Een ander discussiepunt zijn de stijgende pensioenkosten en hoe deze aan te pakken. De Unie hoopt deze kosten te financieren door het BBP te stimuleren. De SPD is realistischer en gaat ervan uit dat sociale premies en belastingen moeten stijgen. Ten opzichte van het bruto-inkomen zijn de belastingen en sociale premies echter al relatief hoog in Duitsland. Er is weinig steun bij beide partijen voor het alternatief voorgesteld door denktanks: het verhogen van de pensioengerechtigde leeftijd.

Dan zijn er de bijstand en het minimumloon. De Unie wil de kosten verlagen door het nieuwe bijstandssysteem, dat door de regering-Scholz is ingevoerd maar niet populair is bij het publiek, af te schaffen. De SPD is hier geen voorstander van, hoewel er binnen de partij enige ruimte lijkt te zijn als het gaat om sancties voor degenen die werk weigeren. De SPD wil het minimumloon verhogen van 12,82 naar 15 euro per uur, maar de Unie wil dat de beslissing over het niveau van het minimumloon wordt overgelaten aan een onafhankelijke commissie die hiervoor is aangewezen en die in juni haar oordeel zal geven. Gezien de inflatie is het waarschijnlijk dat de commissie zal besluiten het bedrag te verhogen.

Ten slotte zijn beide partijen het erover eens dat de energiekosten moeten worden verlaagd, vooral voor bedrijven. Onder de regering-Scholz werd de elektriciteitsbelasting tijdelijk verlaagd naar het EU-minimum van 0,05 cent per kilowattuur. Beide partijen willen deze verlaging permanent maken.
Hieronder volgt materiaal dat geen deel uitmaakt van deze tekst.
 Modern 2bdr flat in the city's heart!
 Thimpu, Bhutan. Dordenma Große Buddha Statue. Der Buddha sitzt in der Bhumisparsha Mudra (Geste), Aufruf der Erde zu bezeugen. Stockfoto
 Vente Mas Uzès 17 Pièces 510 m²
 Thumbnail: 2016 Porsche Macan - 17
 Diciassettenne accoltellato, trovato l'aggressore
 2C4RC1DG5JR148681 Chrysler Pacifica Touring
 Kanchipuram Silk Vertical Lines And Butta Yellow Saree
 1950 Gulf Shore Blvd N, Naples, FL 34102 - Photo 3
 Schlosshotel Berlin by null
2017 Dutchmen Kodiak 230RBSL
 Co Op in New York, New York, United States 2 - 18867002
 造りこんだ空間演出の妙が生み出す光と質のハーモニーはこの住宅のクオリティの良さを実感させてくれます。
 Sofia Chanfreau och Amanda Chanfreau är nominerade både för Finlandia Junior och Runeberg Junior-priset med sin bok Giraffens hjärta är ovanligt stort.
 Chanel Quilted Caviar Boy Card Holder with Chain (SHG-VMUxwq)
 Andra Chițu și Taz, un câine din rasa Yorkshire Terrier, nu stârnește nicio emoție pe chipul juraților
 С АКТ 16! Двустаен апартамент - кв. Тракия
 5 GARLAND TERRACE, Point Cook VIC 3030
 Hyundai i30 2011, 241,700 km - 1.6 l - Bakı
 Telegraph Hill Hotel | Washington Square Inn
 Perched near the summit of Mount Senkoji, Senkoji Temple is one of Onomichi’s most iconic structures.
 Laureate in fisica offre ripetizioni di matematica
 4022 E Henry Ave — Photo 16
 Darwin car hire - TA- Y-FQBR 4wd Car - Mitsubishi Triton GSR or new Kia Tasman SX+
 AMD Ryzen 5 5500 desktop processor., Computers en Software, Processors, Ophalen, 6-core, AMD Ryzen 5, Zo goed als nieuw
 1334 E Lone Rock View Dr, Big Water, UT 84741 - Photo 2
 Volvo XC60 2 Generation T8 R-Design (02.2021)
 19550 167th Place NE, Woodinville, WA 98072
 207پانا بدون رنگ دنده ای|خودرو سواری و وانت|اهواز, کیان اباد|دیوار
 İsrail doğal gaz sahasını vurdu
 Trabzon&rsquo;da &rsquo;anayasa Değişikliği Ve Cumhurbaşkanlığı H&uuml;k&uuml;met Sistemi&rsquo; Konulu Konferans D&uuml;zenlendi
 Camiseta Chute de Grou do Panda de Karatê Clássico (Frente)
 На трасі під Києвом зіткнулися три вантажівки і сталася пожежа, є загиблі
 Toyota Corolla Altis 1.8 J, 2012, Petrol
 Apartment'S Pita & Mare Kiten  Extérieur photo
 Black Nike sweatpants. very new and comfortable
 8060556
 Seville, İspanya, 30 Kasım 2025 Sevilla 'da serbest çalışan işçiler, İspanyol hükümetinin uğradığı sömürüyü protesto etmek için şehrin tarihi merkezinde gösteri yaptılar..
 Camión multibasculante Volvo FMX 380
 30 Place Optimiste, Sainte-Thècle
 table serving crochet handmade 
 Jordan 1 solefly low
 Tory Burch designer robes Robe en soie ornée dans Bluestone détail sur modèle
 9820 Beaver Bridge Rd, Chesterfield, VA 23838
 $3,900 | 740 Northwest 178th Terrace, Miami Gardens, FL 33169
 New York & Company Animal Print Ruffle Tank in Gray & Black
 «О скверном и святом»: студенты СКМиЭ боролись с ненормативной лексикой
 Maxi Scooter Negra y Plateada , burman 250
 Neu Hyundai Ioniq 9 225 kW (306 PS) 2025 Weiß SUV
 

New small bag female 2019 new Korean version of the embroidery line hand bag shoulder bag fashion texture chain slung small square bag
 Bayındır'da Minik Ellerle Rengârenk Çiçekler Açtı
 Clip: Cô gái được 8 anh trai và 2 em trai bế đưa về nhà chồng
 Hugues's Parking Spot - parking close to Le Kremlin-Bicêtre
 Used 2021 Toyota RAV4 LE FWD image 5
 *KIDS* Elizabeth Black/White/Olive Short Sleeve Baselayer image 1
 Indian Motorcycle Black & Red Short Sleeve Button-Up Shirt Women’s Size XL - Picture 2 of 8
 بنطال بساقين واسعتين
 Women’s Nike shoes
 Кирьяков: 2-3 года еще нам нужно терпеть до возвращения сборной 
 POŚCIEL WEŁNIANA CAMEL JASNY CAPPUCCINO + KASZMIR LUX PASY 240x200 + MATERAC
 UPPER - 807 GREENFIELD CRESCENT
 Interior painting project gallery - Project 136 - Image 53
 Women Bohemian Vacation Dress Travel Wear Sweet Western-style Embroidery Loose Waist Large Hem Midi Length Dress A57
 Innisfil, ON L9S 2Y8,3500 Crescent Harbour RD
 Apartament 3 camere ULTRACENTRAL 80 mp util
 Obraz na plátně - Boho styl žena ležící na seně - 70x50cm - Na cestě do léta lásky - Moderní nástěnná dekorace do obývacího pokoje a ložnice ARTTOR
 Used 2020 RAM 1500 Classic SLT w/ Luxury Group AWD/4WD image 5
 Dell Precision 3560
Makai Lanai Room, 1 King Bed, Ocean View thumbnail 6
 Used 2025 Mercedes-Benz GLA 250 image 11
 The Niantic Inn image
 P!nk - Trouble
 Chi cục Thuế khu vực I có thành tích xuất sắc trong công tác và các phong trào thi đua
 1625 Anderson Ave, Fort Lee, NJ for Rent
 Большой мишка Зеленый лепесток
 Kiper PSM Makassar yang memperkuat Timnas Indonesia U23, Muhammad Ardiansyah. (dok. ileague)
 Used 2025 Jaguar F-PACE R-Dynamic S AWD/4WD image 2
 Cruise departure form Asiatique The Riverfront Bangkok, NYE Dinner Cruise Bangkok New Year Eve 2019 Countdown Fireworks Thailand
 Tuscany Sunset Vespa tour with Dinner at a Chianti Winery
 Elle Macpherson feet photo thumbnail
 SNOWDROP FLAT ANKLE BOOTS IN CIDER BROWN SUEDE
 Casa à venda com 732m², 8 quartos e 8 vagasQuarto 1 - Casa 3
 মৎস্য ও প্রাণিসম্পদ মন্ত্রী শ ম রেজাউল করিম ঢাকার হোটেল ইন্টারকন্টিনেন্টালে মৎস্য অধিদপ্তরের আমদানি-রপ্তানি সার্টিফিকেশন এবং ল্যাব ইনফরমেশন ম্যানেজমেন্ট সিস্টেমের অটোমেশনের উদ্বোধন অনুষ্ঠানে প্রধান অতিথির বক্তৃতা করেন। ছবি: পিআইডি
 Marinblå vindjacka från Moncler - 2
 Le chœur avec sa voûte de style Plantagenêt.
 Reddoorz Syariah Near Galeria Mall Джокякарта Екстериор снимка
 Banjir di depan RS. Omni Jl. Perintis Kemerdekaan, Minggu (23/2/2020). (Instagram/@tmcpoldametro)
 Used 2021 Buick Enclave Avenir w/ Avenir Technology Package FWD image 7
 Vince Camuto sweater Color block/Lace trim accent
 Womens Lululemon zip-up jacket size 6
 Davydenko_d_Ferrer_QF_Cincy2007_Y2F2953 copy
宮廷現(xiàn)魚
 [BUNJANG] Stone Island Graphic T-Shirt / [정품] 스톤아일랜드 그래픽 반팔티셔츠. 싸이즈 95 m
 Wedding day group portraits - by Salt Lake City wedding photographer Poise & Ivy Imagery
Ze onderschrijven ook beide het doel om in 2045 klimaatneutraal te zijn en meer hernieuwbare energie te gebruiken. Het verschil is echter dat de Unie openstaat voor kernenergie. Verder hebben de Unie en de SPD verschillende opvattingen over hoe de hogere energiekostensystemen gedragen moeten worden. De Unie wil hiervoor CO2-heffingen gebruiken. Daarentegen overweegt de SPD een hogere vergoeding voor het transmissienetwerk van 6,65 cent per kilowattuur en investeringen uit een nieuw te vormen investeringsfonds van 100 miljard euro.